Green activist Greta Thunberg has used all her might to draw attention towards the burning issue of climate change. And sense of humour is one thing that she has used lately, be it taking former US president Donald Trump’s criticism in good stride or her latest tweet, wit has been her USP. Thunberg recently shared a news story about human penises shrinking in size because of rising pollution levels. “See you all at the next climate strike," she wrote as she shared the news. She posted the tweet on Thursday and instantly became one of the best things on Internet for her followers. It received over 240,000 likes within 12 hours as her followers ROFLd over her sense of humour and wit.
See you all at the next climate strike:) https://t.co/4zgekg5gd0— Greta Thunberg (@GretaThunberg) March 25, 2021
Tweet of the day https://t.co/N2vpOGIVL4— Jemele Hill (@jemelehill) March 26, 2021
Greta Thunberg, best sniper on the net https://t.co/BungHZxepo— Wear a mask tho (@_CorpseReviver) March 25, 2021
Greta is the best! https://t.co/lKLFkSsKv0— YOU CAN CALL ME ‘QUEEN (@OutOfFucksQween) March 26, 2021
looooool she’s a legend https://t.co/YVZaNvkhwf— ella (@ella_devereux) March 25, 2021
The link between shrinking size of human genitals and increasing levels of pollutions was given by environmental scientists Dr Shanna Swan in her new book Countdown. Teen activist Thunberg has been a firebrand leader for fight against climate change. Last week, Thunberg took part in a protest under the banner of “No More Empty Promises" in central Stockholm on Friday, with protesters attending in shifts to avoid breaching coronavirus restrictions. The youth movement Fridays for Future, which urges global leaders to listen to climate scientists and stop global warming, had called on children around the world to join a global online school strike on Friday.

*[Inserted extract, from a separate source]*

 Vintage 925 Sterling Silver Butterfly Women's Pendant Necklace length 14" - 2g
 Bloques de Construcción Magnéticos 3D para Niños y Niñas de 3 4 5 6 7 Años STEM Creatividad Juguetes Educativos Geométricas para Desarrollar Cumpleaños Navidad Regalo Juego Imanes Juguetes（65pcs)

Thunberg, who is 18 years old, sparked the global climate protest movement, including large protests, in 2018 by skipping school on Fridays to protest outside the Swedish parliament. “Today is the global strike day and since it’s not really possible to strike in big numbers in Sweden yet we are doing this action instead. We are striking in shifts so that we control the amount of people who are here," Thunberg told Reuters.
The protesters on Friday called on leaders to introduce and fulfil binding annual short-term carbon emission targets, rather than what they describe as vague and empty promises for far off dates. “What we need are not meaningless goals for 2050 or net-zero targets full of loopholes, but concrete and immediate action in-line with science," the movement said on its website.
Thunberg said the world was still not treating climate change like a crisis, unlike the COVID-19 epidemic.
“The first step must be to start treating it like a crisis and to just take in the full picture, to see this in a holistic point of view," she said. “Science says that we can still avoid the worst consequences. So it’s possible, but it’s not possible if we continue like today." Sweden has banned public gatherings of more than eight people as part of its efforts to slow the pandemic.